Many years ago, I was lucky enough to spend a year advising the executive team of an Asian monopoly carrier. I was helping them to implement their first ever OSS project. It was a real eye-opener on many different levels.
This carrier had a strong culture of hoarding knowledge. It was well known amongst the staff that you didn’t share any information with anyone else, especially if you were the only person who had that knowledge. Even more so if that knowledge was your leverage to ensure that they could never fire you.
I guess you could say it was a form of knowledge extortion.
I found it really interesting, mainly because I’d never even considered that as an option. For whatever reason, I’ve always had an abundance mindset when it comes to knowledge and am happy to share what limited knowledge I have (as the 2,500+ articles on this blog might attest) because there’s always more knowledge to collect.

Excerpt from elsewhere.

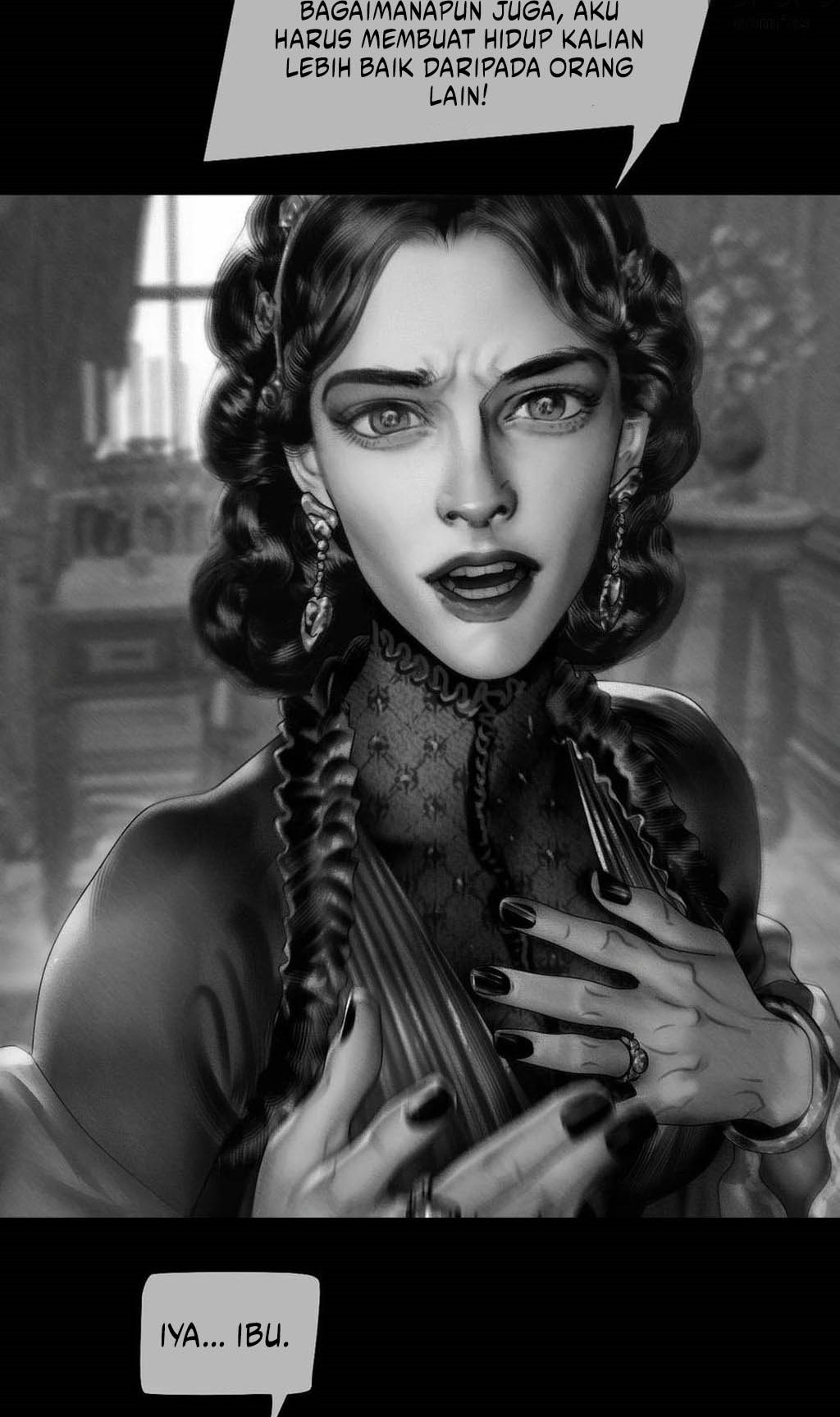 Aisha Chapter 22 Gambar 23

That perspective remained true across that project. I could sense the disbelief from my local colleagues any time I shared any meaty facts, figures or insights about the world of OSS. It was a combination of being impressed (at the information they gained), but shocked (that it would be just given away so freely). It was quite funny!
But that was back in the days when there wasn’t so much information available online. Most of the information that was carefully protected by my colleagues was meticulously harvested from experience, OSS vendor manuals and training materials, all of which came at a very high price (footed by the telco).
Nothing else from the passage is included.